Yönetmen, filmin daha ilk saniyelerinde izleyiciyle paylaştığı sahnede, garip, merak uyandırıcı aynı zamanda şiddet içeren bir 'merhaba' diyor. Sahne şöyle: Kırsalda
arabasıyla yolculuk yapan kadın arabasını durdurur ve iner. Yol kıyısında otlamakta olan iki eşekten birini silahını doğrultarak vurup öldürür. Sonra çekip gider... Kadının eşeği öldürmesi izleyende ilk anda bir şok etkisi yaratıyor. Fakat bu olay izleyiciyi film boyunca, absürd aynı zamanda şiddet içeren sahnelere hazırlıyor ve kısaca “kara” yım diyor. Filmin genel konusunu okurken bu noktayı hep akılda tutmalısınız, diyerek filmin konusuna geçiyorum. Ancak ilk paragraftan sonrası,
filmi izleyecekler için 'süpriz bozan açıklama' içermektedir.
The Lobster (2015) Konusu:
Bilim-Kurgu, Komedi, Romantik, Gerilim türündeki filmde, eşinin terk ettiği David (Colin Farrell) görevliler tarafından şehir dışında bir otele yerleştirilir. Yönetimin amaçladığı, insanların asla yalnız yaşamamasıdır. Eşini kaybeden, ilişkisi olmayan insanlar hemen tespit edilip otele yerleştirilir ve onlardan oteldeki diğer yalnızlar arasından kendilerine bir eş seçmeleri istenir. Süre olarak 45 günleri vardır. Bu süre içinde kendilerine uygun eşi bulamadıklarında ise tehlikelerle dolu bir ormana sürgün edilirler.
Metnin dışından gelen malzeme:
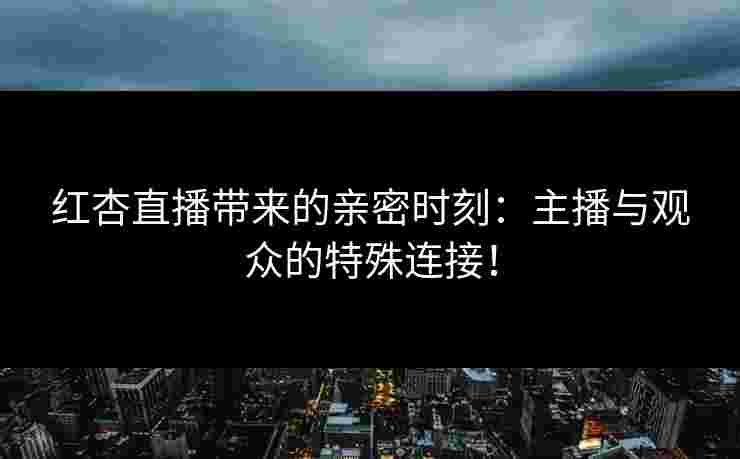红杏直播带来的亲密时刻：主播与观众的特殊连接！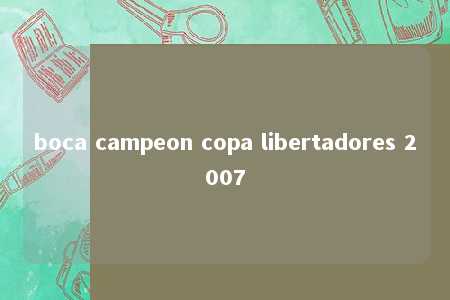 boca campeon copa libertadores 2007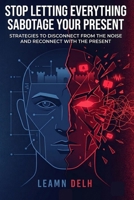 Stop Letting Everything Sabotage Your Present: Strategies to Disconnect from the Noise and Reconnect with the Present B0H75ZNTT1 Book Cover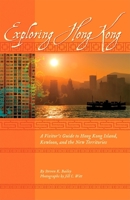 Exploring Hong Kong: A Visitor's Guide to Hong Kong Island, Kowloon, and the New Territories 1934159166 Book Cover
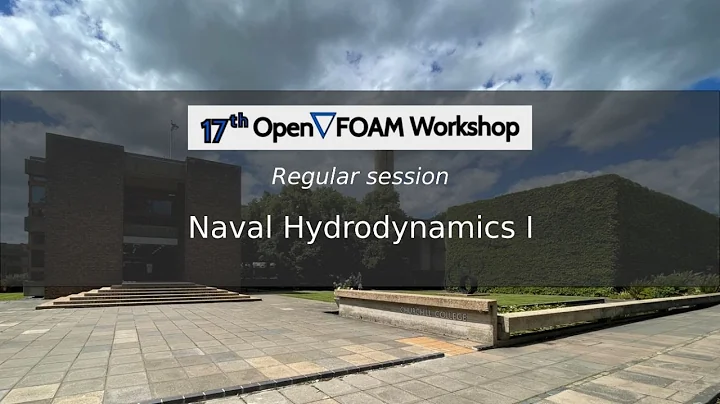 [17th OpenFOAM Workshop] Naval Hydrodynamics I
Filmin konusu normal gibi görünmesine rağmen öyle değil, nedeni ise otel yönetiminin bu 45 gün içinde otellerinde kalan yalnız insanlara davranış şekli. Bir takım yasaklar var ve müşterilerin kurallara uymaları bekleniyor. Tavsiye edilense kendilerine benzer bir eş seçmeleri. Yani kişinin tavşan dişleri varsa seçeceği kadınında tavşan dişli olması tavsiye ediliyor. (Tavşan diş olayını ben örnek verdim, bu filmde yer almıyor) Kurallar var demiştim. Otelde kalanların ellerine içinde bayıltıcı olan silah tutuşturup, ormana yalnız insan avına gönderiyorlar. Yani kendilerinden önce otelde kalan ve süre sonunda eş bulamayıp ormana salınanlar, otelin yeni konuklarına av oluyorlar.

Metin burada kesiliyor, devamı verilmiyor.